So far, I only used it in the implementation of a few
smart-pointers. In that case, the self-assignment test can
be improved to test for equality of values, the destructor
is non-virtual, and the resulting assignment is no-throw.
Moreover, there is no reason to inherit from those
smart-pointers, ever.
If 1) you can be sure that no one will ever derive from the
class, 2) you can be sure that the copy constructor cannot
throw, and 3) you can be sure that anyone modifying the code
is aware of these constraints, and will modify the
assignment operator if they cease to hold, then it's safe.
I've never really seen a case where I feel safe concerning
3, and 1 and 2 generally imply a class so simple that it's
not worth the effort using a dubious idiom.
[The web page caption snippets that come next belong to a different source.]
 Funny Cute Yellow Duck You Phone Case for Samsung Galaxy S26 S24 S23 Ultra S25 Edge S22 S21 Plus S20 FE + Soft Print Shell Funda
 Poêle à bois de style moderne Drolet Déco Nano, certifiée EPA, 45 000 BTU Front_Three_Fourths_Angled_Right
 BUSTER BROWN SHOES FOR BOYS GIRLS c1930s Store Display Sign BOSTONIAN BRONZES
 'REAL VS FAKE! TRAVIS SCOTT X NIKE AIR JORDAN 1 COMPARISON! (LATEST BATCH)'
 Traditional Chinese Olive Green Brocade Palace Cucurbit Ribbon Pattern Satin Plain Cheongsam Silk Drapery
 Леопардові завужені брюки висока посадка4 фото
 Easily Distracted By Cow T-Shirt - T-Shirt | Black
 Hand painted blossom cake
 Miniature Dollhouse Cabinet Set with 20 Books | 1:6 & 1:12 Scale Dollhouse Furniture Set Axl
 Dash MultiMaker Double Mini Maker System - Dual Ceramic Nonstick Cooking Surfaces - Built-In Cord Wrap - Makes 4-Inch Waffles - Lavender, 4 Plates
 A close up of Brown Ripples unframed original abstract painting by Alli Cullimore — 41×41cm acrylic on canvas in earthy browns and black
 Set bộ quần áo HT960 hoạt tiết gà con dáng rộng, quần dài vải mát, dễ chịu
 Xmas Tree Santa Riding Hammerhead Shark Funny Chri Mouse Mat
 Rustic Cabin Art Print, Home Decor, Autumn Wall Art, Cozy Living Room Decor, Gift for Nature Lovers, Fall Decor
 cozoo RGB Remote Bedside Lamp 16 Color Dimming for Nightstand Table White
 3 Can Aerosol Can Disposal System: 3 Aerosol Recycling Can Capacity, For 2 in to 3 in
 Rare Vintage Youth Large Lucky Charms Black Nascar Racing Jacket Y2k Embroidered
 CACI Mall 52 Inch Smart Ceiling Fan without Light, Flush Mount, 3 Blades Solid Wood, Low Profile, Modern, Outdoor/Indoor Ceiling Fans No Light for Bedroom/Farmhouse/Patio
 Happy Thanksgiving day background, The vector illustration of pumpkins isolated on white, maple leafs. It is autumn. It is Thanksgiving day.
Rule of thumb: generically (and always, when in doubt), go
with (a).
Only if you can implement a no-throw version of swap.
Well, if swap() is no-throw, then (a) is exception safe. But
even with a possibly throwing swap(), it will still do an
assignment. You just don't get the exception safety for the
assignment.
Nor any other benefits.
What other benefits do you expect from an assignment operator?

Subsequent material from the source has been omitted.